Nobel Shines Light on Postcolonial African Writer Abdulrazak Gurnah

When Abdulrazak Gurnah recently won the Nobel Prize in literature, those who heard the news had one of two immediate reactions. The first was, "Who?" But those who admired his work were elated. Gurnah himself was stunned. In fact, when he first got the congratulatory call, he assumed it was a prank. He’s only the sixth African writer to win the prize and the first Black author since Toni Morrison in 1993.

Gurnah grew up in Zanzibar, an archipelago off the coast of Tanzania. When he was 18, a violent uprising in 1964 forced him to flee to England, where he began to write and later became a professor of English and postcolonial literature. The Swedish Academy praised Gurnah for his “uncompromising and compassionate penetration of the effects of colonialism and the fate of the refugee in the gulf between cultures and continents.” Over the years, his books have received rave reviews but rarely sold well. Several books had even gone out of print, and English-language publishers are now scrambling to meet the sudden demand for Gurnah’s work.
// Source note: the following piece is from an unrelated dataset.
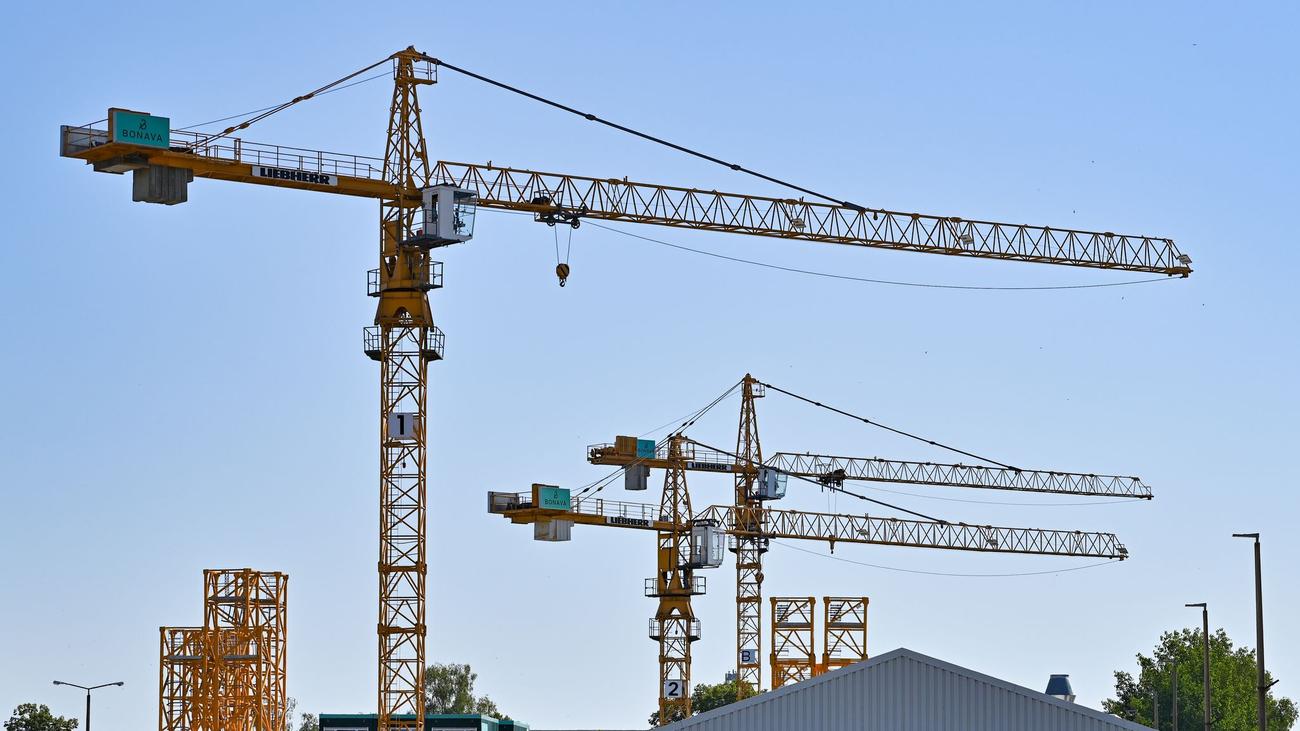seri yapım, hızlı enerji modernizasyonu, konut binaları, endüstriyel olarak önceden hazırlanmış cephe elemanları, bina teknolojisi, vinç, devlet sekreteri, Ines Fröhlich, Wiesbaden, pilot projeler, yapılandırılmış inşaat prosedürü, temel yenileme, kısa süre, uzman işçi sıkıntısı, kaynak kıtlığı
Decolonization is also the recurring theme of another African master, Ngugi wa Thiong’o. In this weekend’s show, “Decolonizing the Mind,” Ngugi tells the story of how he was arrested by the repressive Kenyan government in 1977 and locked up in a maximum security prison. Then, in a remarkable act of defiance, he wrote a novel in his native Gikuyu language — the first modern novel written in Gikuyu — on prison-issued toilet paper. This became one of the defining events in modern African literature. And that novel he wrote in prison? It’s a modern classic — later published in English as “Devil on the Cross.”